WHAT TO DO: From the line containing "RoC Derm Correxion" down to the line containing "RANGAP1 antibody" in the records below, reproduce every line exactly, ends included, and omit all others.

RECORD EXTRACTS:

....................

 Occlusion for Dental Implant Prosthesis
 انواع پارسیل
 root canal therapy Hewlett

....................

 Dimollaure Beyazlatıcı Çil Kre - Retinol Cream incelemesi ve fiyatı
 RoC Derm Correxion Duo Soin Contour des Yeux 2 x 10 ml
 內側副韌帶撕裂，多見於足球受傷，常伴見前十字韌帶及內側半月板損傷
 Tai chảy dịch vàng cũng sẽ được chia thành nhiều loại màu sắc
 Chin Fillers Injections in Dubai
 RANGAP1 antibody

....................

OUTPUT OF THE TASK:
 RoC Derm Correxion Duo Soin Contour des Yeux 2 x 10 ml
 內側副韌帶撕裂，多見於足球受傷，常伴見前十字韌帶及內側半月板損傷
 Tai chảy dịch vàng cũng sẽ được chia thành nhiều loại màu sắc
 Chin Fillers Injections in Dubai
 RANGAP1 antibody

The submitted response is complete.